Efficient 5G Small Cell Planning With eMBMS for Optimal Demand Response in Smart Grids

• Published in: IEEE transactions on industrial informatics Vol. 13; no. 3; pp. 1471 - 1481
• Main Authors: Saxena, Navrati, Roy, Abhishek, HanSeok Kim
• Format: Journal Article
• Language: English
• Published: Piscataway IEEE 01.06.2017; The Institute of Electrical and Electronics Engineers, Inc. (IEEE)
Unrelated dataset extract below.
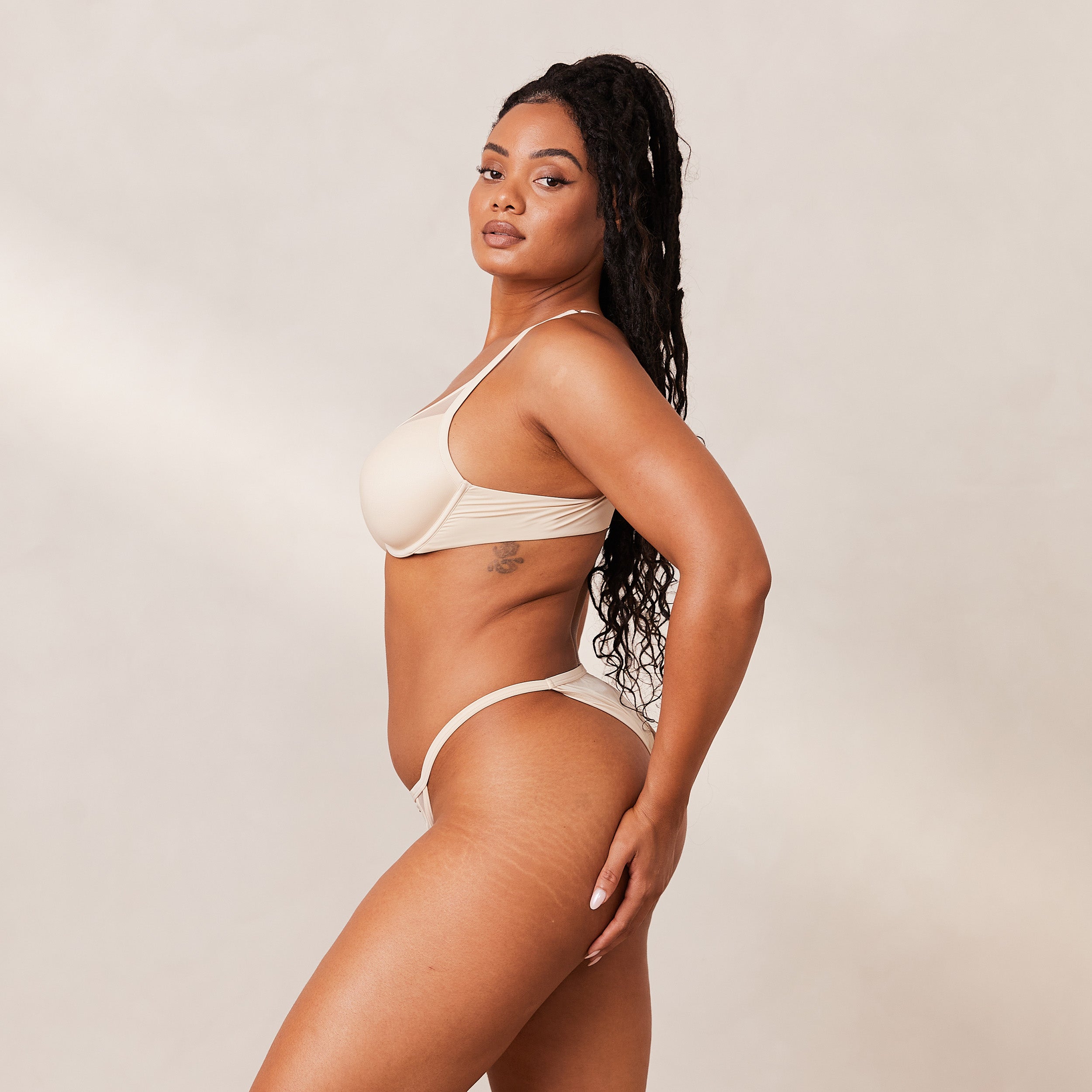 Classic Plunge T-Shirt Bra in Latte - Comfortable & Supportive Underwire Bra for Everyday Wear, Workouts, and Layering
• Subjects: 5G mobile communication; Broadcasting; Communication; Computer architecture; Consumers; Control systems; Cost analysis; Customers; Cyber-physical systems; Demand; Demand response (DR); Dynamic programming; dynamic programming (DP); Dynamical systems; Electric utilities; Energy consumption; Energy management; evolved multimedia broadcast and multicast (eMBMS); Feedback; greedy; Interference; Microprocessors; multicast broadcast single frequency network (MBSFN); Multicasting; Multimedia; NP-complete; Optimization; Planning; Power supplies; Pricing; radio resource management (RRM); Simulation; Smart grid; Smart grids; smart grids (SGs); Time dependence; Wireless communication; Wireless networks
• ISSN: 1551-3203; 1941-0050
• DOI: 10.1109/TII.2017.2681105

Smart Grids (SGs) are emerging cyber-physical systems, equipped with sophisticated communication and information technologies, for efficient and large-scale power supply and management. SGs demand advanced communication technologies between energy providers and consumers, for enabling a control-feedback loop, by using time-dependent pricing. In this paper, we propose an efficient planning of 5G small cells, with evolved multimedia broadcast and multicast communication, between aggregators (small cells) and SG consumers, for efficient demand-response (DR) programs. After pointing out that optimal multicast scheduling and radio resource management problem is NP-complete, we propose two different solutions, based on dynamic programming (DP) and greedy heuristics, for minimizing the energy cost for DR customers. We also analyze the performance of SG user capacity for 5G single cell multicast and multicast broadcast single frequency network. Extensive OPNET simulation results, over actual energy data and real wireless trace, demonstrate that our proposed 5G small cell planning and multicast solutions are capable of reducing energy production cost by 30%, with up to 35% shift in peak energy load, low latency and packet drop.